What to do
From the line with "Israeli helicopter flies" to the line with "People attend the", output every line below exactly, both ends included. Skip the pictures.

Supplied material
________

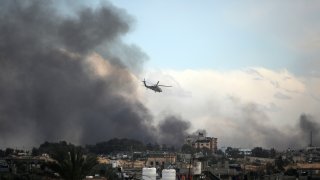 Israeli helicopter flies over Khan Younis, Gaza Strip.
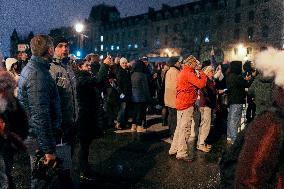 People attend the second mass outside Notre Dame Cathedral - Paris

________

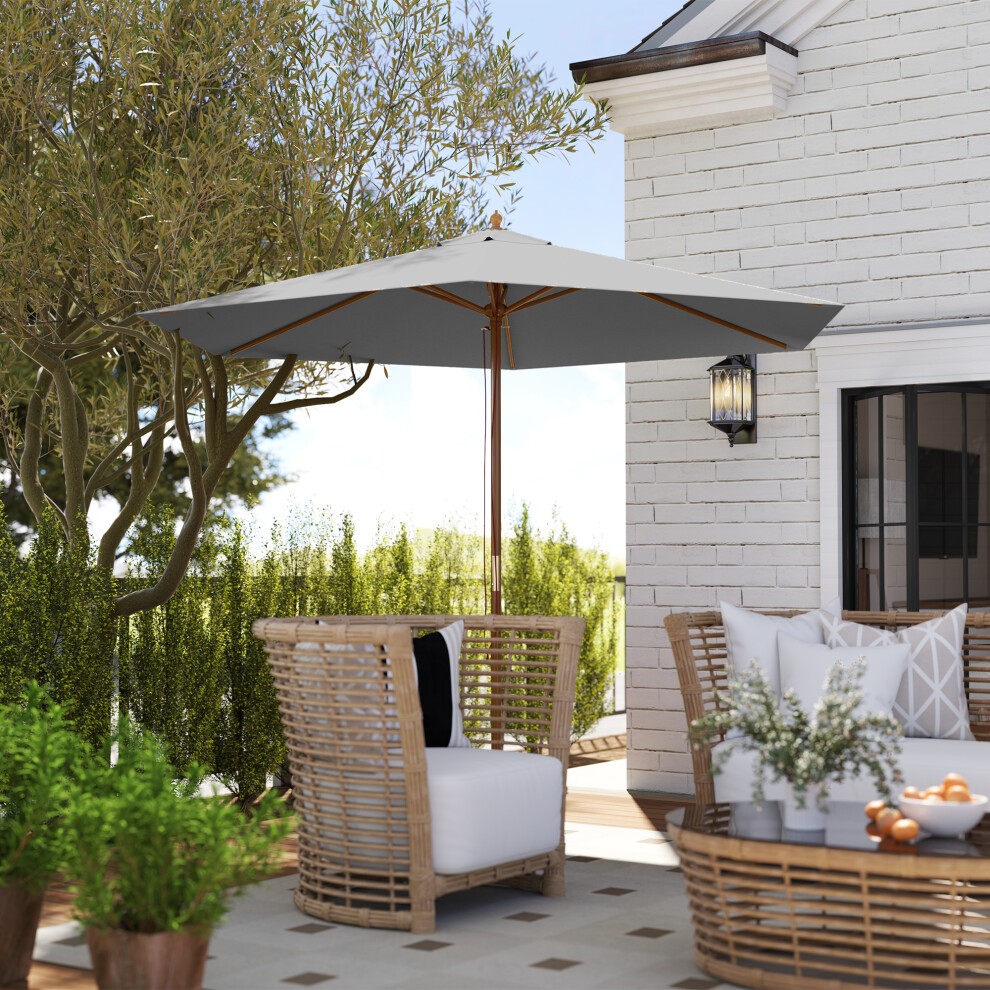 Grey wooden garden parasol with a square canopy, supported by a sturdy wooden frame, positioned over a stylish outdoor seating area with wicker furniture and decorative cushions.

________

Answer to this task
 Israeli helicopter flies over Khan Younis, Gaza Strip.
 People attend the second mass outside Notre Dame Cathedral - Paris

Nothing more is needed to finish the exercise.